Ahead of us in the southeast are East Carolina University and North Carolina State University. For the life of me I can't figure out the tie-breakers. It's not alphabetic, not any of the obvious metrics listed across the page. Anyone see it? If so, lemme know.

Thursday, August 27, 2015

Dog Owners

I missed doing this for National Dog Day or whatever the hell it was called, but here's a quick look at how dog ownership correlates with other factors.

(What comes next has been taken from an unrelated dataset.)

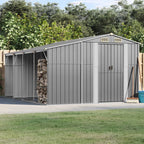 NNEVL Garden Shed Grey 277x365.5x179 cm Galvanised Steel Lootquake LLC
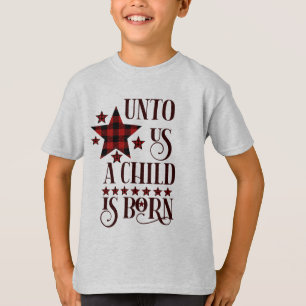 Uns ein Kind ist Geboren Weihnachten Kariert T-Shirt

As compared to non-owners, dog owners tend to be:
  • more politically conservative
  • more likely Republican
  • more likely to believe in a literal interpretation of the Bible
  • younger
  • less educated
  • watch less TV news
  • read fewer newspapers
This is based on 2012 national survey data provides by ANES. When I have time, I'm gonna do a more complete cat vs dog owners because I have both questions available in a nice, fat data set with lots of other variables.

Excessive Drinking

Athens-Clarke County, home of UGA. Party School. Downtown bars. Vomiting students. Underage possession. You know the story. So you'd expect Clarke County to rank high in the state in terms of percent who meet the "excessive drinking" threshold.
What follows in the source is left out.